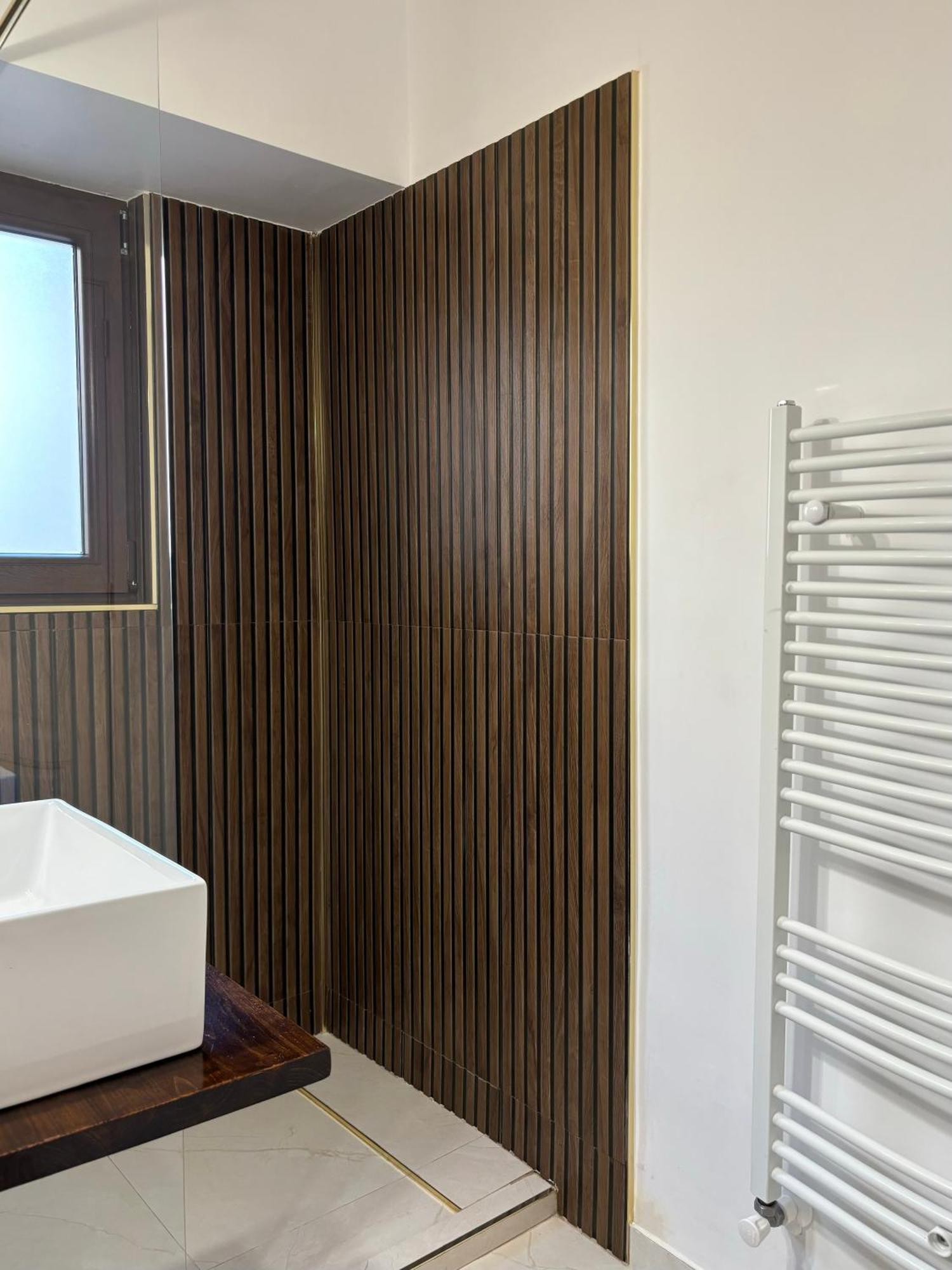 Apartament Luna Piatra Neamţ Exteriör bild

* * *

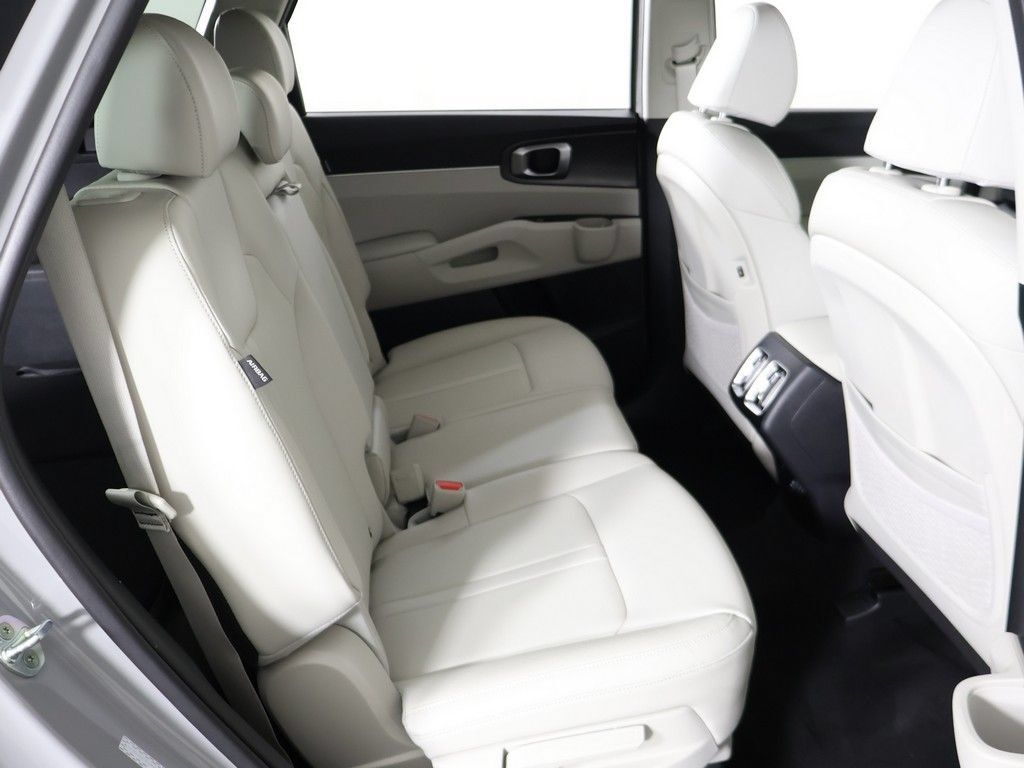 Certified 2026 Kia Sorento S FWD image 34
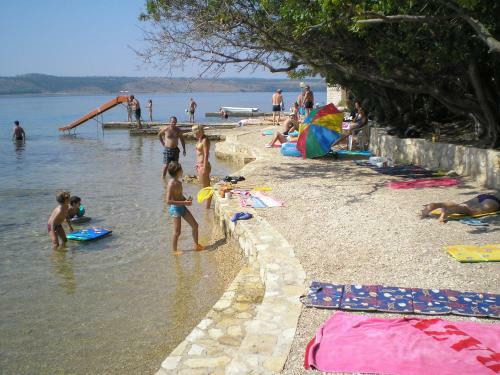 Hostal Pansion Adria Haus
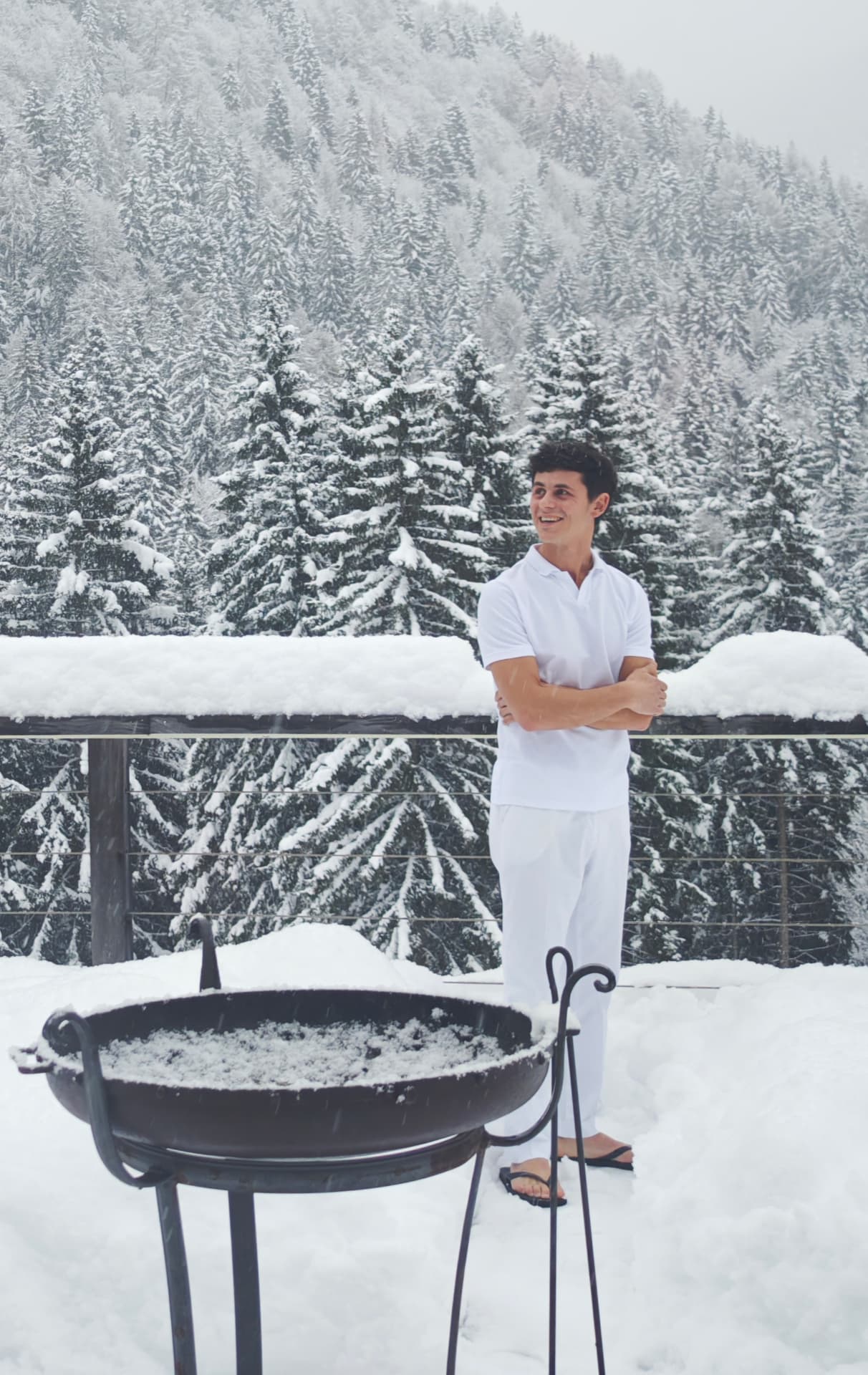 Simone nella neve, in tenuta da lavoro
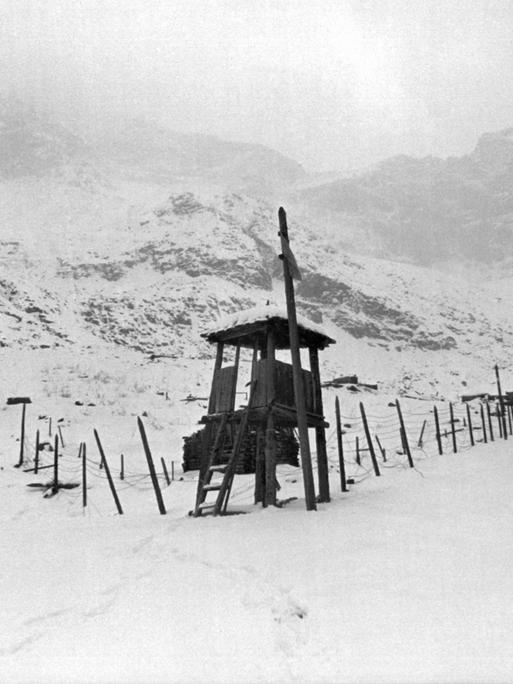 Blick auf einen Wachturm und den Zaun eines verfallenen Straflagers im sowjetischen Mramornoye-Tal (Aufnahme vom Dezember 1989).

==

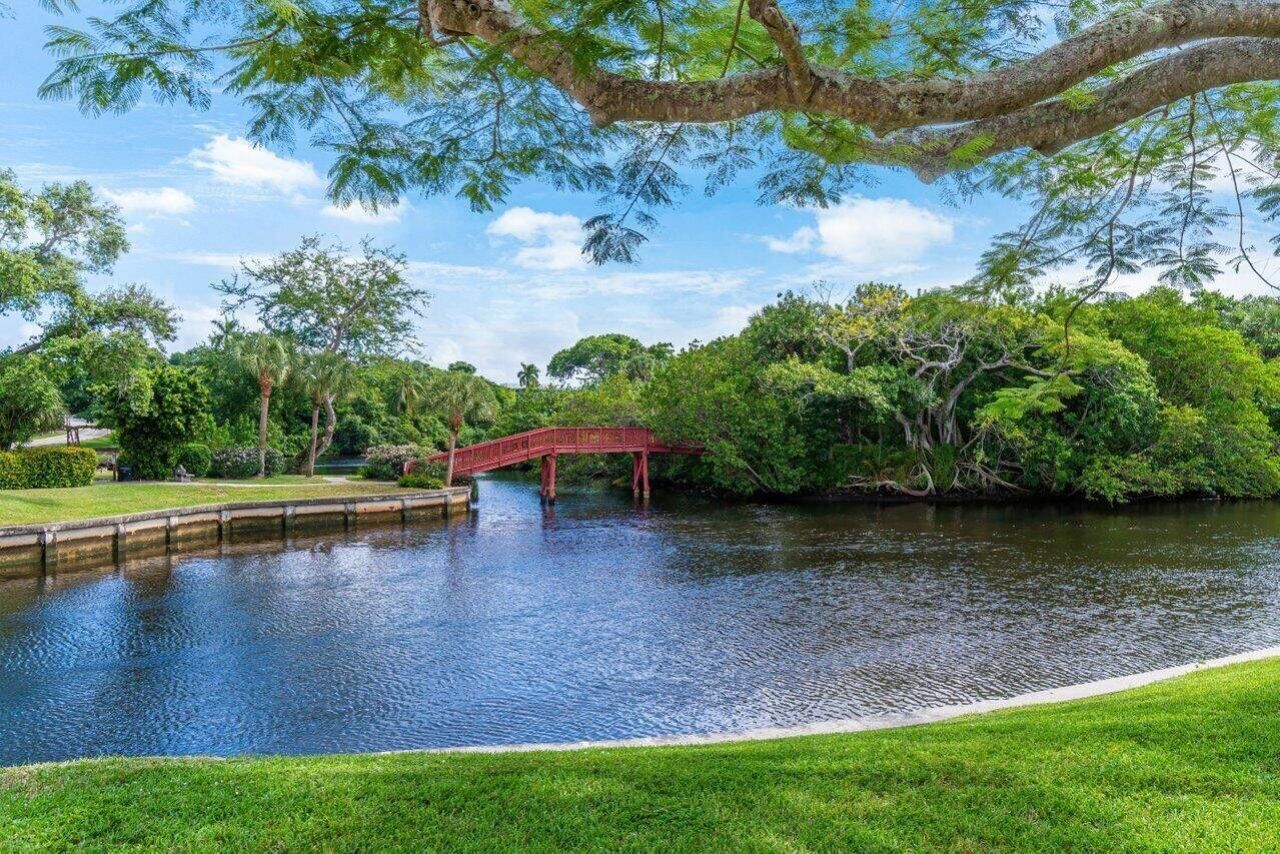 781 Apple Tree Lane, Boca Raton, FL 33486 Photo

Exercise ▸ Only one part of the material above is wanted: the lines from the one with "Simone nella neve, in tenuta da lavoro" up to and including the one with "Blick auf einen". Please copy them exactly, pictures left out.

Written answer ▸
 Simone nella neve, in tenuta da lavoro
 Blick auf einen Wachturm und den Zaun eines verfallenen Straflagers im sowjetischen Mramornoye-Tal (Aufnahme vom Dezember 1989).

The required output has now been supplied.